La Juventud Anilevich, entonces, es leída aquí en diversas claves: histórica, ideológica, utópica. Desde la creación de Israel en 1948, año en el que también aparece el periódico Nueva Sion -cuyo acompañamiento e historia también se reseñan- hasta los cruciales años 1961-1973 de mayor inserción en la comunidad y las fuertes polémicas entre 1973-1980, en el contexto de lucha de guerrillas y represión genocida locales.
La dificultad de transmitir el espíritu de aquellos años se complica cuando quienes los han vivido como actores son reemplazados por espectadores distantes o comentaristas tardíos, que tal vez puedan definir con mayor precisión histórica la verdadera (o supuesta) influencia que tuvo este tipo de movimientos. Hay dificultad de comunicar a otros una coyuntura que hoy parece idealista, utópica y hasta ingenua: recuperar el ethos, los rasgos y modos de comportamiento que definían la identidad en los años ’60 del siglo pasado.
Se trató, simplemente, de asaltar los cielos de la utopía.

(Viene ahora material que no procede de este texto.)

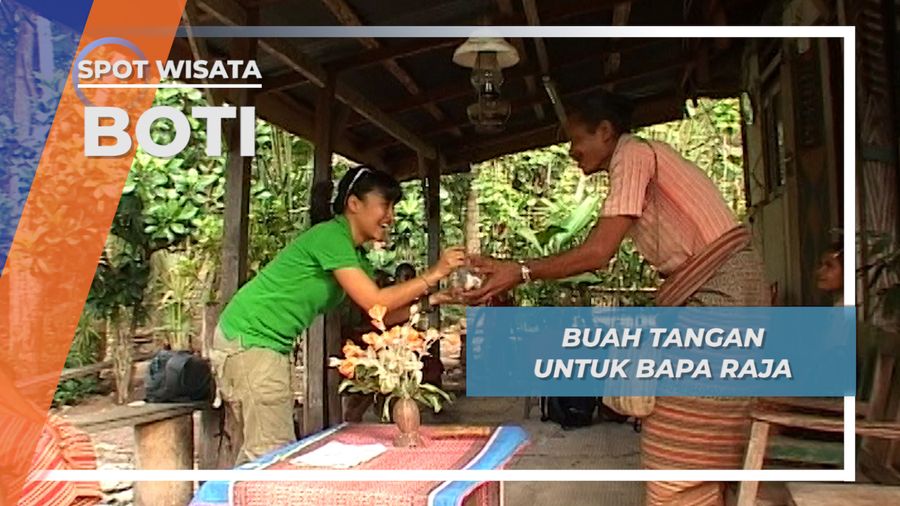 Buah Tangan Sirih Pinang Untuk Bapa Raja Boti Timor Tengah Selatan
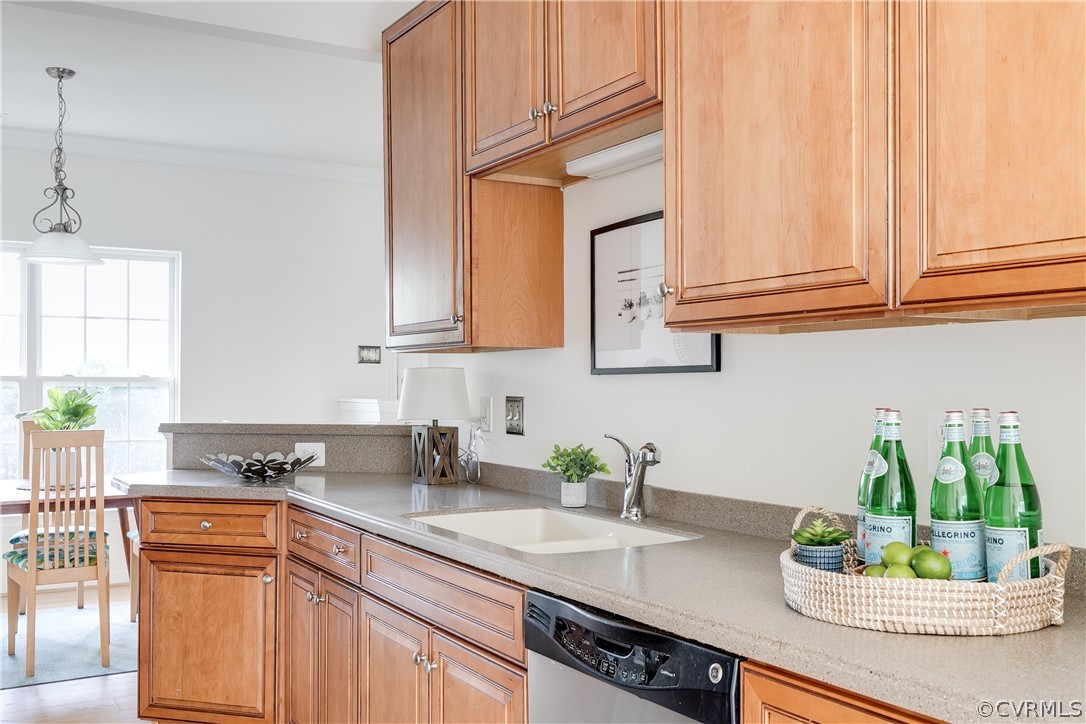 6763 S Grand Brook Cir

Una misión que parecía posible al grupo de jóvenes que intentó esa aventura.
Un integrante del grupo de argentinos llegados al kibutz, un año después de vivir allí, conversa en su imperfecto hebreo con un joven de origen iraquí, obrero asalariado de la ciudad cercana, que trabaja en la fábrica junto a él. El israelí no puede entender la presencia de un muchacho llegado desde el otro lado del mundo -¡que poseía un buen trabajo, heladera y televisor!- para establecerse en una comuna cercana a la frontera siria. Pregunta, con la típica franqueza de su país:
-¿Má pitóm bata hartza? (¿Por qué diablos viniste a Israel?).
El nuevo inmigrante contesta, rápido de reflejos:
-Anu banu hartza kedei libnot u lehitbanot (“Nosotros llegamos a Israel para construir y reconstruirnos”, letra de una canción del movimiento jalutziano).
Más allá de la soberbia característica -un argentino que pretende explicar el sionismo a un nativo del lugar que ya pasó allí dos guerras-, tal vez convenga recuperar el sentido de esa respuesta. Se trataba de un doble desafío personal: construir (un Estado Judío después de veinte siglos) y reconstruirse (como persona nueva, rompiendo el molde de la diáspora).

Balance y transmisión
¿Cómo funciona nuestra memoria individual y colectiva sobre estos fragmentos de historias personales? ¿Cambiamos nuestra comunidad y el mundo? ¿Algo realmente se modificó?
Muchos compañeros quedaron viviendo en Israel, la mayoría de ellos en la ciudad. Otros se establecieron en distintos puntos del planeta, volvieron a la Argentina, se enorgullecen del proyecto o decidieron olvidarlo, lo que da lugar a diversas posiciones: olvido, renegación, congelamiento en el pasado, pecados de juventud, misión cumplida, exigencias desmedidas a adolescentes en un momento en que no podían decidir esos compromisos vitales…
Todo este panorama se presenta en la última parte del volumen, donde estas variantes se despliegan en testimonios personales de quienes participaron en las distintas etapas de la Juventud Anilevich.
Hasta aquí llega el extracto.